# Can Kings live with other breeds?



## kippermom (Jan 11, 2006)

As I (and perhaps others) consider the possibility of adopting birds, I need to understand how they can be grouped. I have a large flight pen with homers and racers and some handicapoed birds, including one king. I also have a large outdoor flight with ringneck doves. Can Kings be in a flight with doves? How about with homers/racers? (I do not fly them.)...or are these three groups best kept apart for some reason? I do not put doves with the homers, but folks say the kings are gentle giants and not great flyers so I thought maybe they could share the flight with some doves....just a thought.


----------



## Skyeking (Jan 17, 2003)

I had a male King who was very aggressive, but got along well with my homers, because they are aggressive and outnumbered him. I would not, however, put them together with doves, or handicapped birds, unless the king is handicapped. You can temporarily put him in there and observe his behavior with them for a few weeks, it might work. But don't leave him/her alone in there. A king hen might work out, if she is not aggressive, but I still wouldn't keep her with doves.

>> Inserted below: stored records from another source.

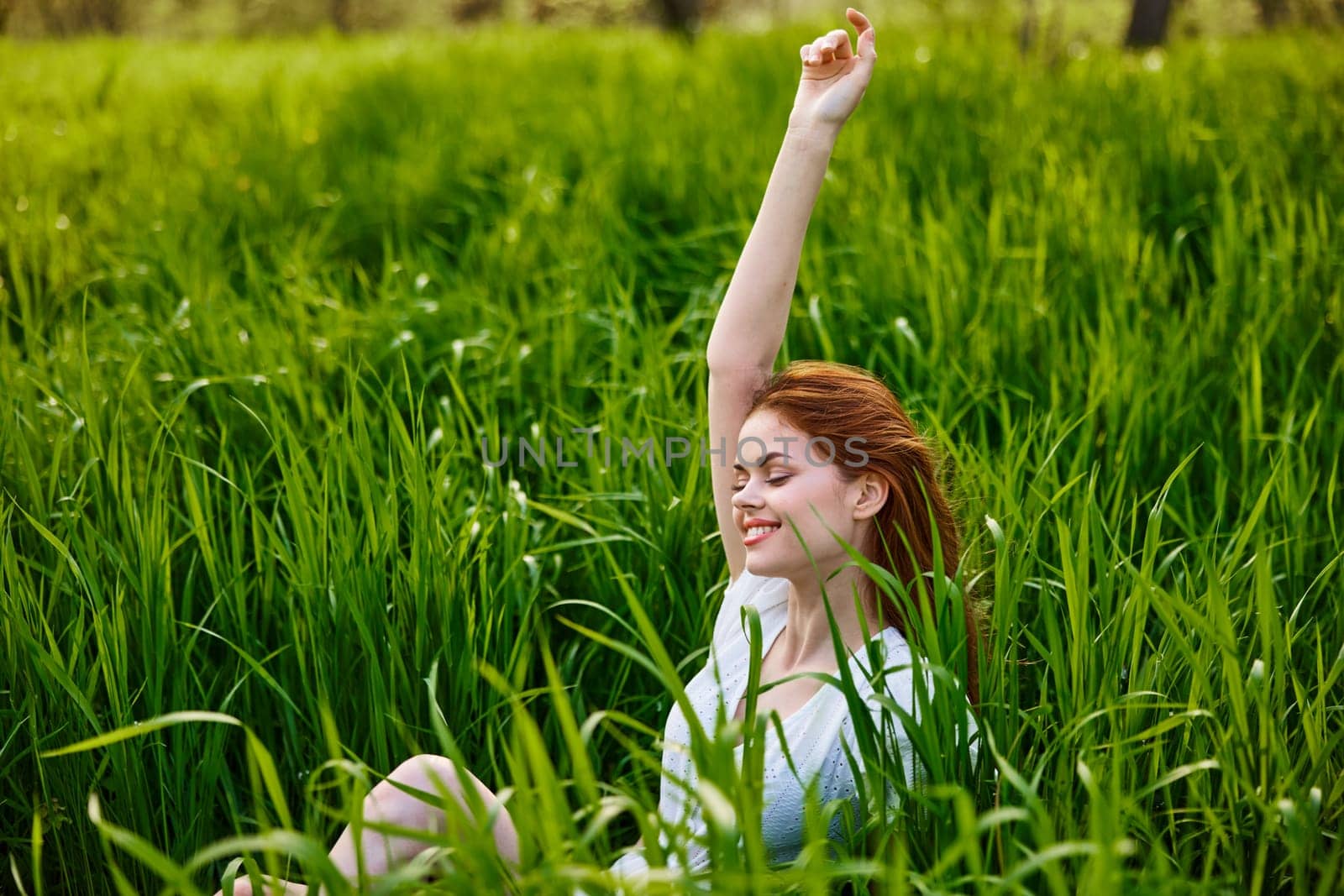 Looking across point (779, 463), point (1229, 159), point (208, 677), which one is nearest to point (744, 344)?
point (779, 463)

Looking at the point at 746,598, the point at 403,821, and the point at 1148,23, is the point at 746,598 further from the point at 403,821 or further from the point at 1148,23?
the point at 1148,23

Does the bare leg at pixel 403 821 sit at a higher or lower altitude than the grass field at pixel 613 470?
lower

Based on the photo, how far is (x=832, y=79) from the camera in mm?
1765

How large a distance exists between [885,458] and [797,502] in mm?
148

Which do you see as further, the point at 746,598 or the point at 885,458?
the point at 746,598

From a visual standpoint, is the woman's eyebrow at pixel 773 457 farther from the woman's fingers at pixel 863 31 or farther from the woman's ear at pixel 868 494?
the woman's fingers at pixel 863 31

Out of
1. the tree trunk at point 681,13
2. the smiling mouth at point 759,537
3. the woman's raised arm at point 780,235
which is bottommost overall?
the smiling mouth at point 759,537

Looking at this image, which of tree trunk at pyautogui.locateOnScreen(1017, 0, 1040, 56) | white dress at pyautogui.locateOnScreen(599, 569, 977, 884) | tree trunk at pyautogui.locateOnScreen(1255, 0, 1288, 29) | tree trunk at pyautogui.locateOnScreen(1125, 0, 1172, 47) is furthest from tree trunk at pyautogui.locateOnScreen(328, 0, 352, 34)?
white dress at pyautogui.locateOnScreen(599, 569, 977, 884)

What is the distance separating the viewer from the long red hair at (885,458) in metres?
1.64

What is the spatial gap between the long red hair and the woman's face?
0.02 m

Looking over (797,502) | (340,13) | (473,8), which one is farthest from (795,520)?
(340,13)

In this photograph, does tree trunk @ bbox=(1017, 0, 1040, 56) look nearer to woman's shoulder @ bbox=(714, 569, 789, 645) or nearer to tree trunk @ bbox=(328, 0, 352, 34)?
woman's shoulder @ bbox=(714, 569, 789, 645)

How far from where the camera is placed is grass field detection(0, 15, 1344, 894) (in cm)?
141

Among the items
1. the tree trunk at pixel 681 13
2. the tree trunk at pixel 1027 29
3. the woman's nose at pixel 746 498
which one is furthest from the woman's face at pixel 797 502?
the tree trunk at pixel 681 13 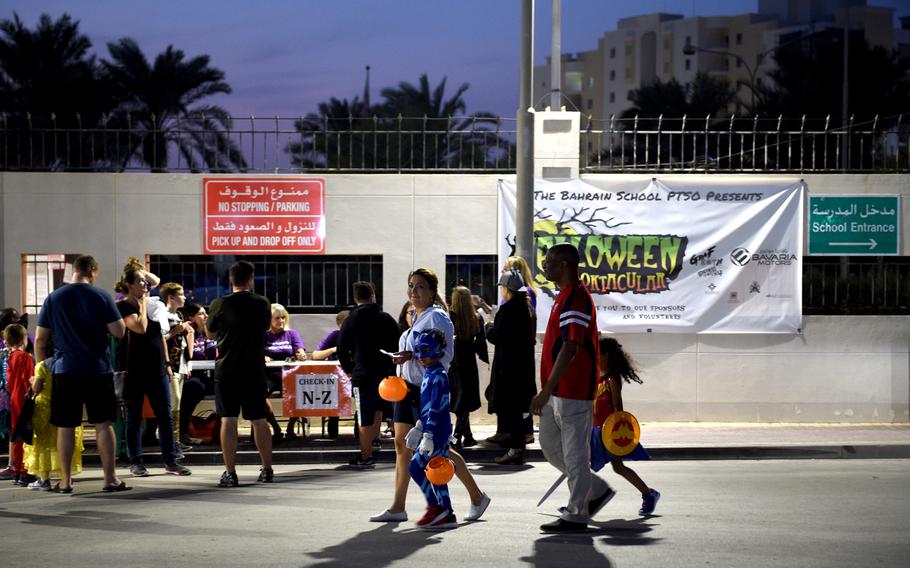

Kings do not fly well, but they manage in the loft.


----------



## philodice (Sep 30, 2007)

I have given my doves and pigeons some supervised fly time together, but I would never leave for a second. Pigeons are too territorial and doves don't know when to quit sometimes.


----------



## bluebirdsnfur (Jan 20, 2009)

what about chickens? I hope to eventually get one Silkie and one Cochin (bantams) and would like to house them all together. Does anyone use sand in their outside pens. A lot of chicken keepers use sand in their pens. They say it's easier to keep clean and has better drainage. Would sand be safe for the Kings?


----------



## spirit wings (Mar 29, 2008)

bluebirdsnfur said:


> what about chickens? I hope to eventually get one Silkie and one Cochin (bantams) and would like to house them all together. Does anyone use sand in their outside pens. A lot of chicken keepers use sand in their pens. They say it's easier to keep clean and has better drainage. Would sand be safe for the Kings?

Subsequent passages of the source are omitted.